Sigma Alpha Mu members said they hope their initiative will make BU more aware of present political and social injustices occurring in the country and around the world.
“Night should be read by every college student and educated person, because to be familiar with Night is to be familiar with the greatest tragedy, the Holocaust,” said Steven Katz, director of the Elie Wiesel Center for Judaic Studies.
Fraternity members encouraged the audience to share their copies of the book with others after they finish, whom they will then track through email.
Excerpt readers included Dean of Students Kenneth Elmore, Marsh Chapel dean Robert Hill and Student Union President Brooke Feldman.
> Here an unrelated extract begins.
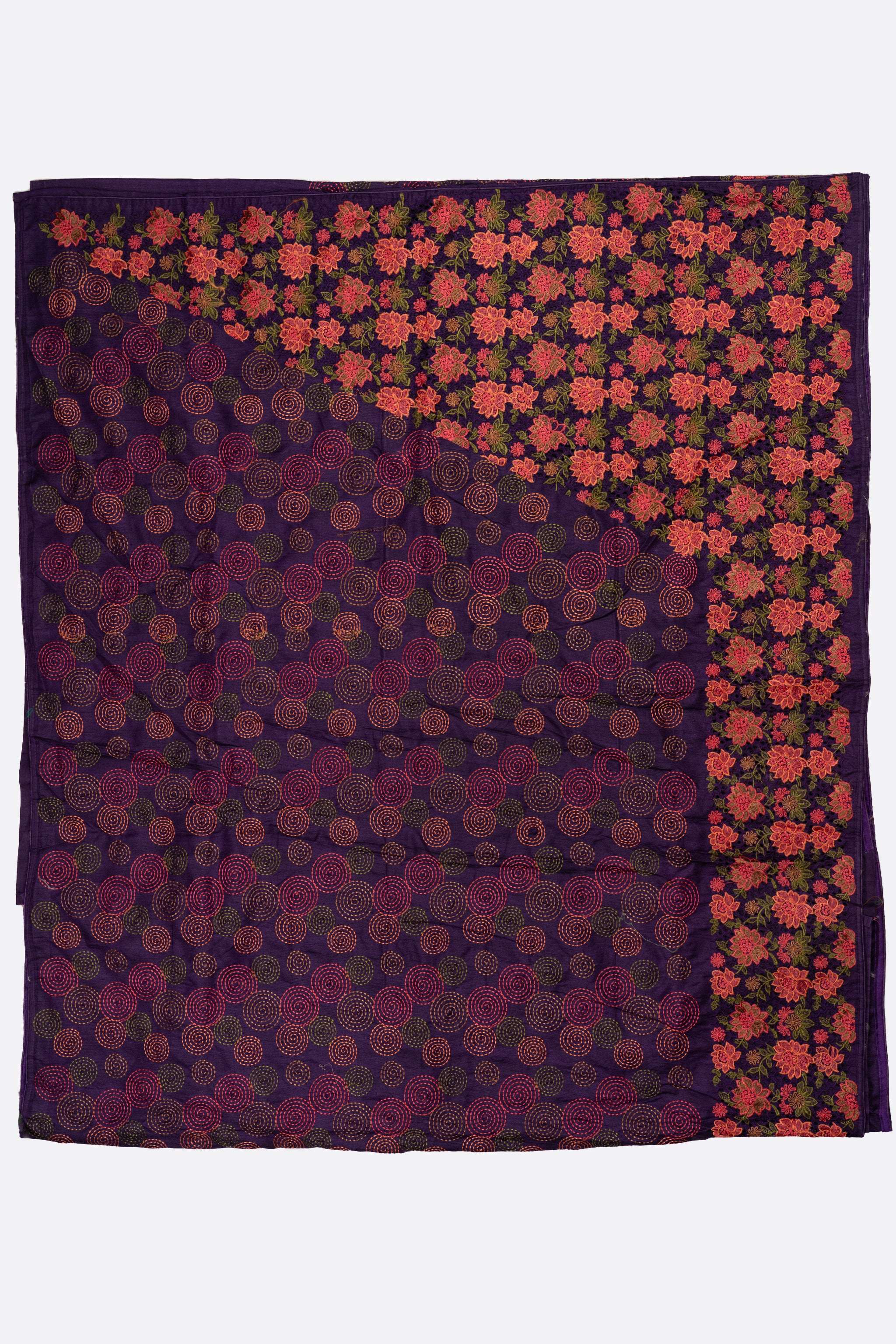 Violet Woven Art Tussar Saree AB0498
“You can learn a lot from the Holocaust,” said Sigma Alpha Mu member and event organizer Larry Tobin. “It is our responsibility to prevent future atrocities and gain tolerance.”
Some fraternity members said the reading was also a way to remember the victims of Monday’s shootings at Virginia Tech, in which professor Liviu Librescu, a Holocaust survivor, was shot and killed while blocking the gunman from entering his class so his students could escape.
“Part of today’s event is that we express concern for events of hatred and senseless violence,” said CAS junior Andrew Kahn, one of the readers. “[Librescu] tried to barricade the doors while students tried to save themselves, so we should remember him today as well as the others who lost their lives.”
Sigma Alpha Mu still has dozens of free copies of Night for interested students, Tobin said.
“We cannot begin to do other things [in] Darfur and Sudan until and unless we acknowledge all wrongs, tragedies and evils of the past and are ready to face them with honesty, because the perils are parallel to the present,” Hill said.